> _Task item_
Skip every picture while you write out the records below, from the first line through the one that contains "Center for Safe, Explainable, and", both ends kept.

Start of Block

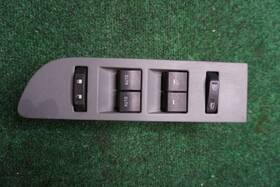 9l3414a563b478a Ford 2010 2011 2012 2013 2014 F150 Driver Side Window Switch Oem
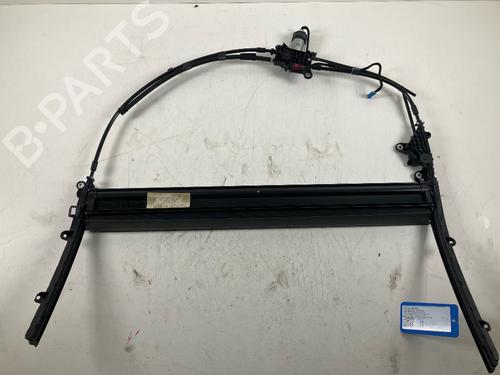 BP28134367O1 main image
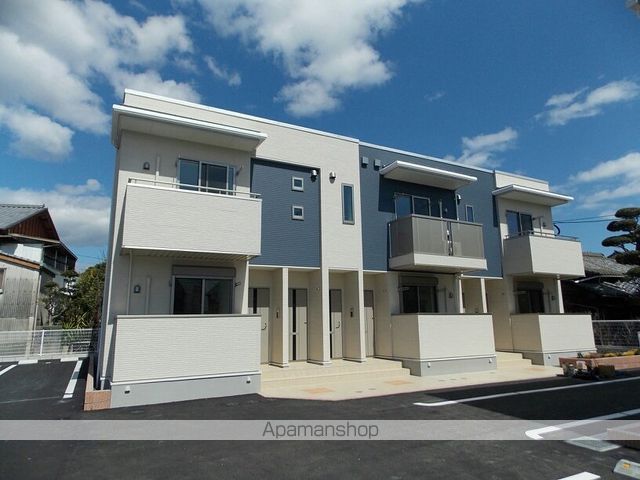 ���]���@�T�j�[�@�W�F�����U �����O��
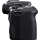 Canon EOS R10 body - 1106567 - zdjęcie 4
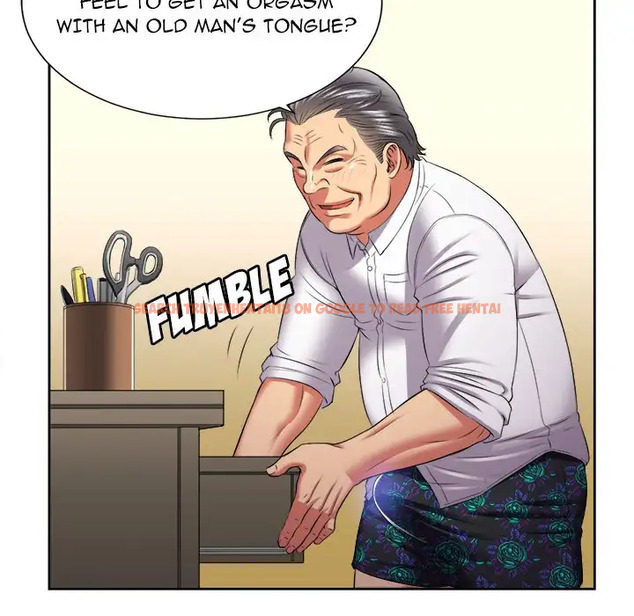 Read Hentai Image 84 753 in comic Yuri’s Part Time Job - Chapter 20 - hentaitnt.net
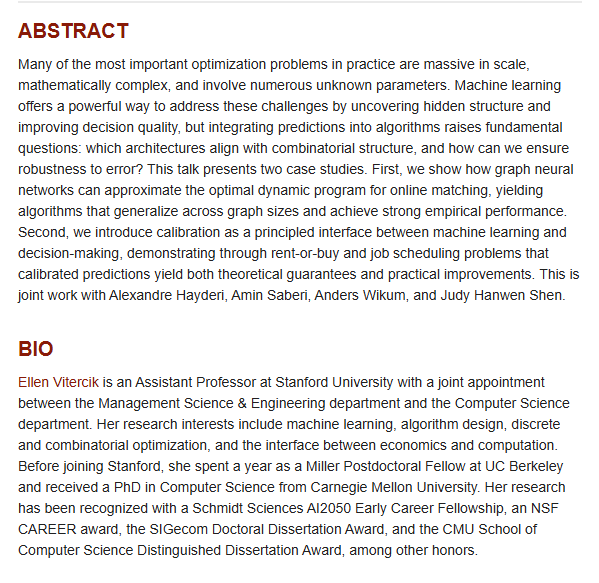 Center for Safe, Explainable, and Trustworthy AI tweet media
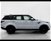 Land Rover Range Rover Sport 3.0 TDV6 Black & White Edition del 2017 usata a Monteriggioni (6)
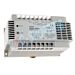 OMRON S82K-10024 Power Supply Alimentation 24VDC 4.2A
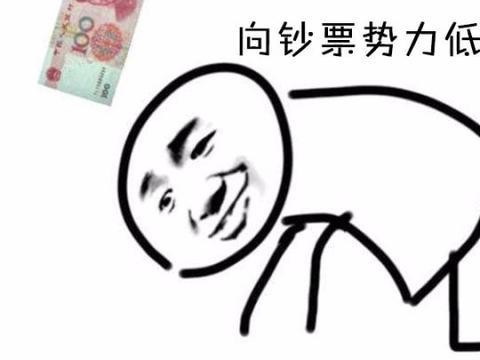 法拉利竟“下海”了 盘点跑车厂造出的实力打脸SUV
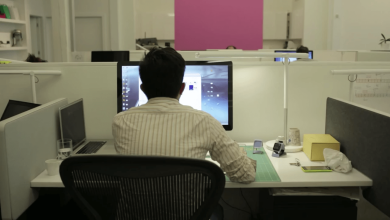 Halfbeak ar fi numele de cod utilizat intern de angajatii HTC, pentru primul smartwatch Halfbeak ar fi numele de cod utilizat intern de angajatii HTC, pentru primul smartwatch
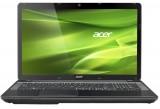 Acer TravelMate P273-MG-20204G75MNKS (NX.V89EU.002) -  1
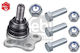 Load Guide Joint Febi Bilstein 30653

End of Block

> _Response to the task_
 9l3414a563b478a Ford 2010 2011 2012 2013 2014 F150 Driver Side Window Switch Oem
 BP28134367O1 main image
 ���]���@�T�j�[�@�W�F�����U �����O��
 Canon EOS R10 body - 1106567 - zdjęcie 4
 Read Hentai Image 84 753 in comic Yuri’s Part Time Job - Chapter 20 - hentaitnt.net
 Center for Safe, Explainable, and Trustworthy AI tweet media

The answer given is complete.